7. Glue the backing material to the button boards. Now cut up the old gift card, or some similar stiff material, into squares approximately the size of the LED boards’ diameter. Glue one of these to the back of each button board, as shown in Figure 9-6.

   

   FIGURE 9-6: The squares of card material glued to the back of each button board

   I used a fabric glue specially designed to flex. These squares provide a solid backing for the buttons to press against so they will actuate rather than sinking into the layers below them. This step is important and should not be skipped.

8. Stitch together the layers and place the grommets. The piece of material you’ve been working with forms the middle layer; the top layer is the leather-like material, and the bottom layer is another layer of felt or fabric. Stitch the three layers together along one edge, as shown in Figure 9-7. Be sure to use regular, nonconductive thread.

   

   FIGURE 9-7: Sewing the layers together and placing the grommets

   Once you’ve stitched the edge of the layers together, you can place the grommets on that edge. Follow the instructions on the grommet kit package for these. Then repeat the sewing and grommeting on the other side.

9. Cut holes over the LEDs. Expose the LEDs by cutting a small hole in the leather over each one.
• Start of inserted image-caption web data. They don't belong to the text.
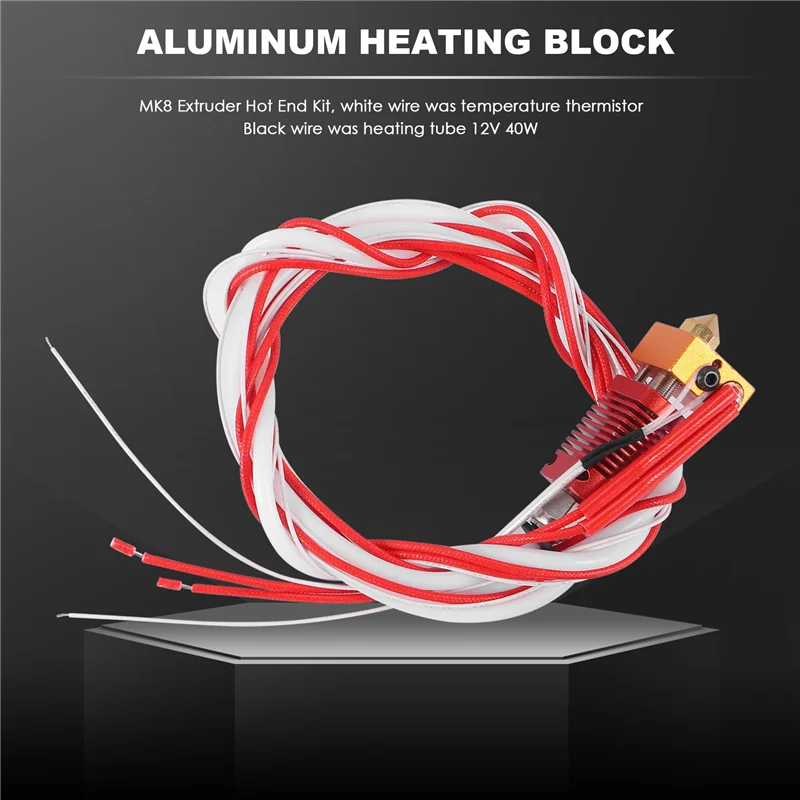 3D Printer Extruder Assembled Mk8 Hot End Kit For Ender 3 / Ender 3 Pro With Aluminum Heating Block, 1.75Mm, 0.4Mm Nozzle-X62A #5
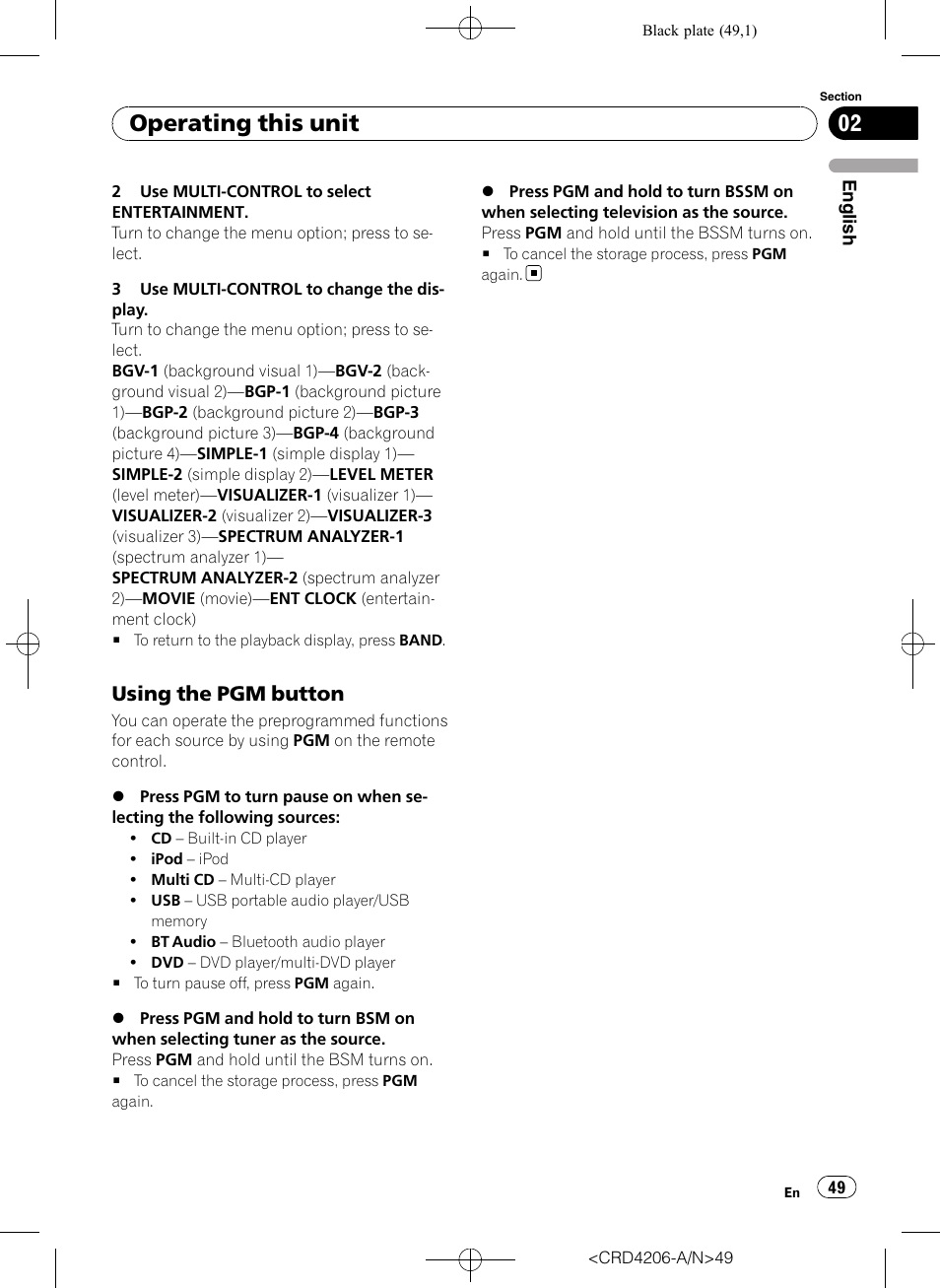 Using the pgm button 49, Operating this unit, Using the pgm button | Pioneer Super Tuner III D DEH-P8950BT User Manual | Page 49 / 204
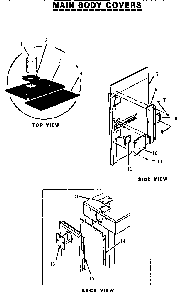 Main Body Covers Diagram and Parts List for MSC124  Thermador Range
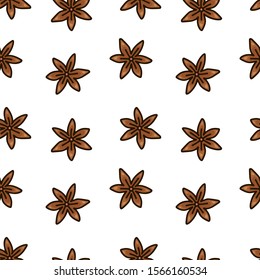 Seamless food vector pattern. Cartoon hand drawn star anise on white background. Doodle flat illustration for textile, wallpaper, wrapping paper. Colored spices
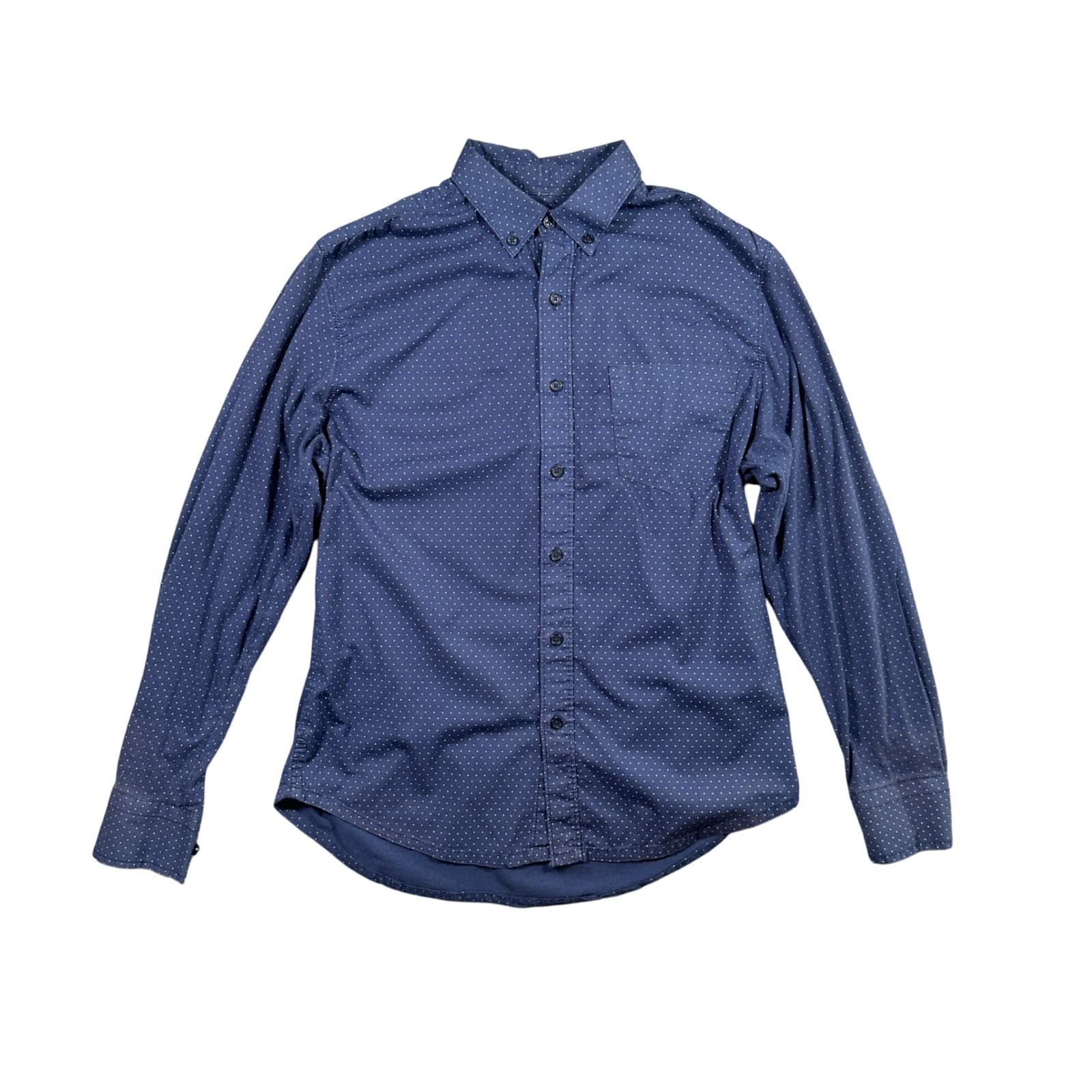 WRK Standard Shirt Mens Medium Blue Polka Dot Button Down Stretch - Thumbnail 2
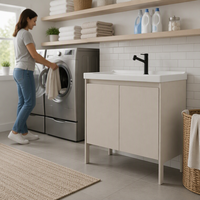 Meuble de salle de bain rectangulaire moderne avec lavabo intégré, suspendu au mur, idéal pour les hôpitaux et les entrepôts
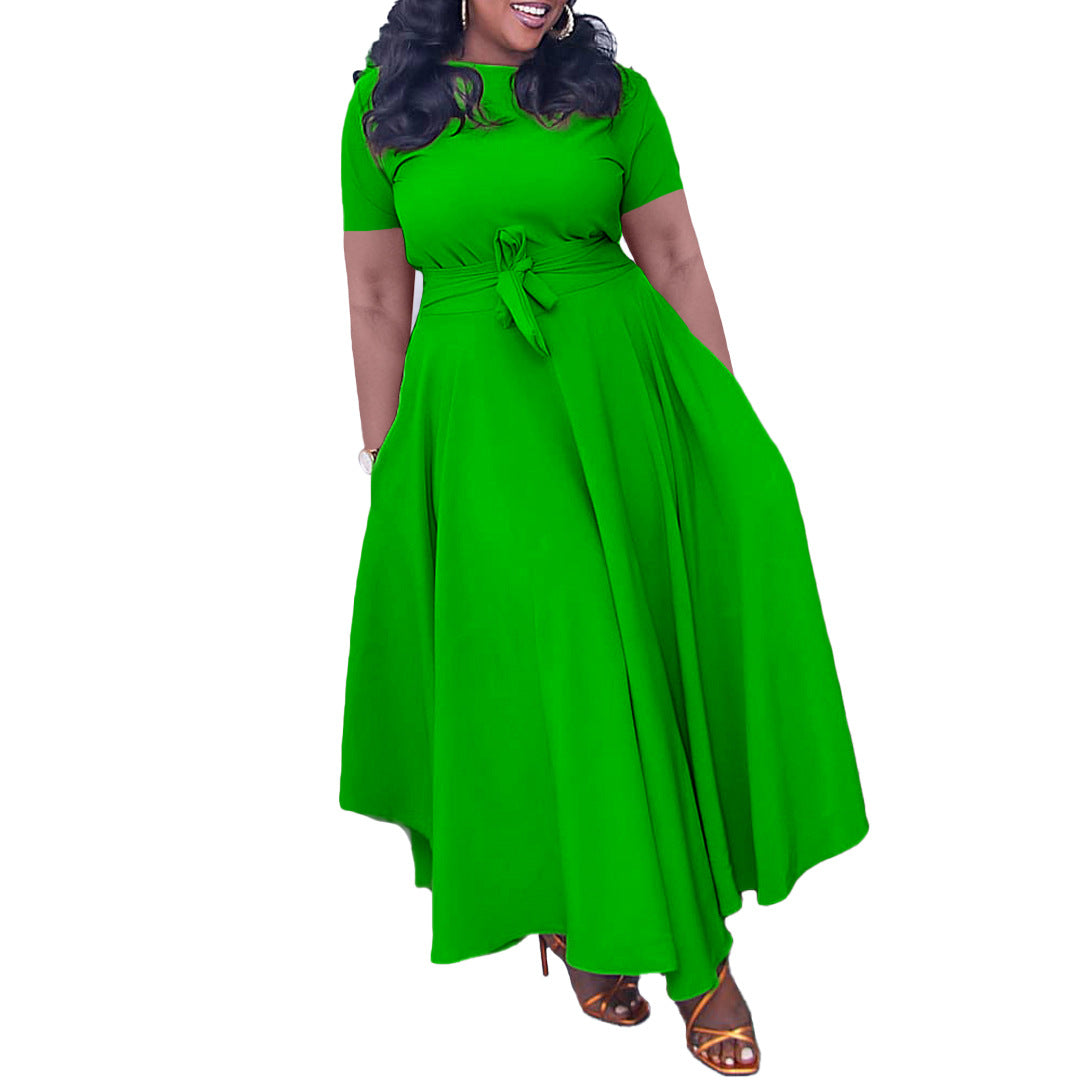 Women'S Summer Fashion Chic Solid Short Sleeve A-Line Africa Plus Size Dress 11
If you’d like, you can also glue down a translucent gemstone or bead over each hole for a flashier appearance. I used 3D-printed gemstones with a mushroom backing. If you want to 3D-print these gemstones yourself, you can find the files in the book’s resources at https://nostarch.com/LEDHandbook/. Thanks to Youmagine user jensa (https://www.youmagine.com/jensa/designs) for providing the original “emerald gemstone” design. Figure 9-8 shows the completed project.

   

   FIGURE 9-8: The complete bracer with gemstones in place over the LEDs

   When the bracer is ready to wear, thread your ribbon or cord through the grommets to lace the bracer onto your wrist.

   Pressing on an LED, or a translucent decoration if you’ve added them, should produce a nice “click” as the button actuates. If it doesn’t, add more layers of card to the back of the button board until the button is sufficiently sturdy.

CODE IT

Let’s take a look at the code. The full code is quite long—more than 500 lines—so I’ve included only the most interesting parts of it here. Download the code in the book’s resources at https://nostarch.com/LEDHandbook/, and read the comments in the following code listing to see how it works in general.

Support for the Simblee is not built into the Arduino IDE, so you’ll need to add it yourself. Follow the instructions for doing so in the Setting Up Arduino tutorial at https://learn.sparkfun.com/tutorials/simblee-concepts. That page will walk you through all the pertinent steps for programming the Simblee. This is where you’ll need the FTDI basic board and the USB cable.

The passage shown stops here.